Help getting started with a numerical solution

[davidwinth]

Hello,

I am trying to refresh my knowledge, and so I dug out my copy of Marion and Thornton to look through. I came across an example problem, 10.2, that involves a hockey puck sliding on a flat, frictionless and rotating surface. The example problem shows some solution plots for the puck position as a function of time that were found numerically, and so I tried to code this up to see if I could get the same answers but I am stuck on how to actually code this. The puck starts out at a certain location on the rotating merry-go-round and is given an initial velocity. The idea is to find the subsequent motion.

In the example, the authors give the effective acceleration as measured by an observer on the surface as,

$a_{eff} = -\omega \times (\omega \times r) - 2\omega \times v_r$

where $v_r$ is the velocity as measured in the rotating frame and $\omega$ is constant. Performing the cross product and breaking this into Cartesian components, I get

$a_{eff} =\langle 2 \omega v_{r_y} + r \omega^2cos(\theta),-2 \omega v_{r_x} + r \omega^2sin(\theta),0 \rangle$

Can this be solved with a 2D Euler method? I have never used such a method, so before I try to figure that out I want to see if anyone knows a simpler numerical scheme to solve this, or if I am over complicating things. I think the $v_{r_x}$ term is going to be complicated to evaluate because $\theta$ is a function of time too.

Thanks for any input!

 

[mfb]

There is an analytic solution - quite easy to find if you start in a non-rotating frame (assuming the total rotation angle until time t has an analytic expression).

You can solve it numerically, of course. Everything will work, the accuracy depends on the method and step size.

 

[davidwinth]

Thanks, mfb.
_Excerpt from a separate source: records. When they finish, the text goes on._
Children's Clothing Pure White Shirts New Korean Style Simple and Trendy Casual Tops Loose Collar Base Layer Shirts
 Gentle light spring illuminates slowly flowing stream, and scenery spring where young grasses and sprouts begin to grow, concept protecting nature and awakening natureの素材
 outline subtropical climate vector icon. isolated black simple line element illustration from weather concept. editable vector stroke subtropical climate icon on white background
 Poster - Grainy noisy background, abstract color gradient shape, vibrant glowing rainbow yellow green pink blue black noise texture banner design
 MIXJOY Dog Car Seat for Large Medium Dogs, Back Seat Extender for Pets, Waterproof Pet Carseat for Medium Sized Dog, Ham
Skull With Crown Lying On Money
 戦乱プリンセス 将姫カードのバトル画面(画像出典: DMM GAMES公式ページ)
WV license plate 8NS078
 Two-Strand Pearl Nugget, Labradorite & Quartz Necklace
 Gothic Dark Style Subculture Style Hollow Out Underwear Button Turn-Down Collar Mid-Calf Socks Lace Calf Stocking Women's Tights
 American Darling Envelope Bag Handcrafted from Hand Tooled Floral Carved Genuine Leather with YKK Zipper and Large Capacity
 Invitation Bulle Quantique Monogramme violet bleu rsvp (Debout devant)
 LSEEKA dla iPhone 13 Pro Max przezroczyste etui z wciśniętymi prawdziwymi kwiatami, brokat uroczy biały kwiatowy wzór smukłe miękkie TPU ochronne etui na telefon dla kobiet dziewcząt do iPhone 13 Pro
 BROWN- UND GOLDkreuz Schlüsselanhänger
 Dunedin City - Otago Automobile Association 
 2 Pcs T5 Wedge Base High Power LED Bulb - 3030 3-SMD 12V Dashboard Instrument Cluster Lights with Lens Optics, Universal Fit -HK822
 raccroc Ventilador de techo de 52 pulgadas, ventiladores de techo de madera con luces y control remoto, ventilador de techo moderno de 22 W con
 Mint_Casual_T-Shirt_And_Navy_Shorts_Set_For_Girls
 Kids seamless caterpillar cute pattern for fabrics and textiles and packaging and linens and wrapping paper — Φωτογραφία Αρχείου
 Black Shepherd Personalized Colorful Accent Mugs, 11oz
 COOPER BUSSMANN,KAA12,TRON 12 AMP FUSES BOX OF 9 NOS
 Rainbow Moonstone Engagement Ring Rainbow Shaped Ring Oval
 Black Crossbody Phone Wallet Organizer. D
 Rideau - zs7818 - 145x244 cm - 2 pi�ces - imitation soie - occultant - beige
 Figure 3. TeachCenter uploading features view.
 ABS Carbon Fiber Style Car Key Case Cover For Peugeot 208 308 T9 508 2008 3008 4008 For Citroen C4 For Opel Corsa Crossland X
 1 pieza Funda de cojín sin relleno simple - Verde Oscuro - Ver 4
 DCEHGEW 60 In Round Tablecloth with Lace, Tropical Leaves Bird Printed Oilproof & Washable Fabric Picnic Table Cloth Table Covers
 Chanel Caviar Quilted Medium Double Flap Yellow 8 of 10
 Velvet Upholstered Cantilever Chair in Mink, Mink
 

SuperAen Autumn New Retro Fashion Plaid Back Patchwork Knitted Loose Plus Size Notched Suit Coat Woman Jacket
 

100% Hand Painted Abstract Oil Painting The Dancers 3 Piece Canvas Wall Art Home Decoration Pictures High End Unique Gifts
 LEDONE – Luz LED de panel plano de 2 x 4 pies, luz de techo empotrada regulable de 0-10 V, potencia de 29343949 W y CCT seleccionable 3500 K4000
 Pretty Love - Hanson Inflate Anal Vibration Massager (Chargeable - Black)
I don't see how there is an analytic solution possible, but I will take your word for it. Any insight into which numerical scheme I should look into for this?

 

[mfb]

Find an analytic solution in Cartesian coordinates (trivial without friction), convert it to non-rotating polar coordinates, convert it to the rotating polar coordinates. Or do I miss something?

Any insight into which numerical scheme I should look into for this?

That depends on what you want to do with the result.

 

[davidwinth]

I was looking to refresh my skills. It has been a long while since I wrote numerical solutions to problems like these and I thought this would be relatively simple. I am starting to think otherwise!

If anyone else has any input, I would like to hear that too. The way I see it, the task is to find the position as a function of time starting with the above acceleration as a function of position and velocity (it is not a constant).

Thanks.

 

[davidwinth]

After a little more work on this, I came up with the following coupled 2nd order equations.

$\frac{d^2x}{dt^2} = \omega^2 x + 2\omega\frac{dy}{dt}$
$\frac{d^2y}{dt^2} = \omega^2 x - 2\omega\frac{dx}{dt}$

Do I need to break this into 4 coupled 1st order equations, or is there another approach? Don't be shy! If you have a suggestion, please make it.

 

[mfb]

My suggestion was in post #4 above the quote.

You can work in the rotating coordinate frame (2 higher order equations or 4 1st order equations will equally work), it just makes everything much more complicated.